Two decisions filed this week by the High Court -- Missouri v. Frye and Lafler v. Cooper -- will have an enormous impact on procedures in the criminal justice system. But in addition to that salutary impact, Justice Kennedy's approach to the decisions might provide insight as to how he will decide to cast his likely swing vote on the health care mandate.

Plea Bargaining's Impact on Justice in the Real World

For almost five decades, the Supreme Court has interpreted the Sixth Amendment to require that criminal defendants are guaranteed the right to a competent lawyer to guide them through court proceedings and speak for them at a trial. After trials, convicted defendants frequently complain that their attorney's representation was deficient and, but for the ineffective assistance of counsel (known as IAC) they would not have been convicted.

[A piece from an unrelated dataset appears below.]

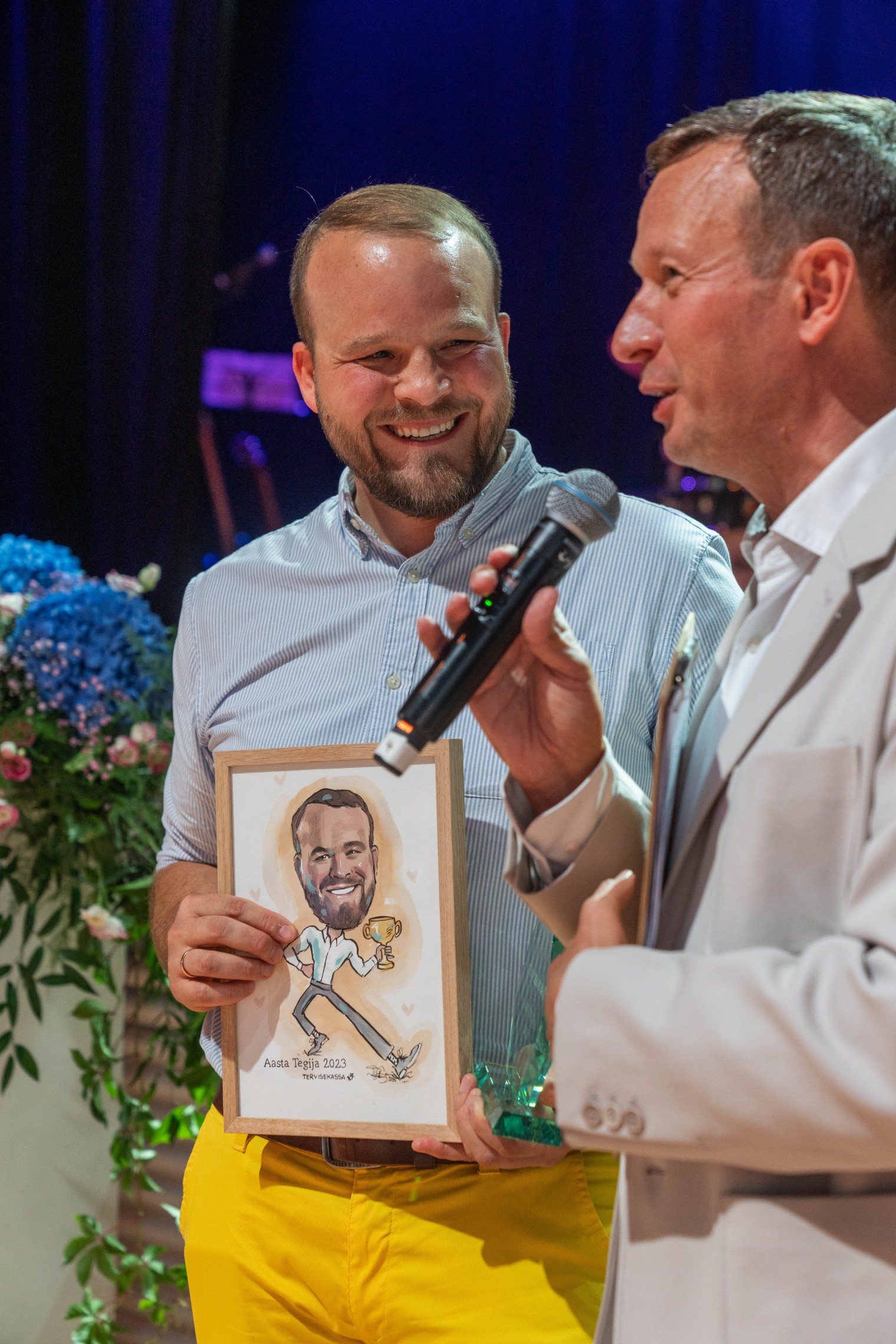 Marko Tähnas on Tervisekassa 2023. aasta tegija. Foto: erakogu Kaks meesterahvast seisavad, vasakul oleval käes pildiraam ja paremal käes mikrofon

In murder and other serious cases, especially when the death penalty is imposed, appellate courts sometimes reverse convictions on the ground that the lawyer did such a bad job representing the defendant at trial, we cannot be confident that the defendant would have been convicted if the defense had been properly conducted.

What the public does not understand when hearing about these kinds of IAC reversals is how little such cases have to do with the real criminal justice system that impacts everyone else not accused of murder or subject to the death penalty.

Courtroom dramas, reality TV and Nancy Grace focus on criminal trials because the trial of a criminal case is a tailor made dramatic vehicle for conflict and some kind of resolution in less than an hour. But, unlike what is shown in television dramas and on the evening news, the vast bulk of the criminal justice system is not characterized by trials in courtrooms.

Justice Kennedy's opinions cite statistics showing that 97 percent of the criminal cases filed never come anywhere near a jury or a judge sitting to hear witnesses testify. Except for the three percent of criminal cases that are tried, the lion's share are resolved through haggling between prosecutors and defense counsel on the telephone or in courthouse hallways.

The first day after the case is filed (even occasionally before any filing) and up until the morning the case might actually go to trial, there is a 97 percent likelihood that the case will conclude with a defendant entering a plea of guilty in a matter of a few minutes in a courtroom. None of that criminal justice system can be interestingly portrayed on television or in movies of shorter duration than a Fredrick Wiseman documentary.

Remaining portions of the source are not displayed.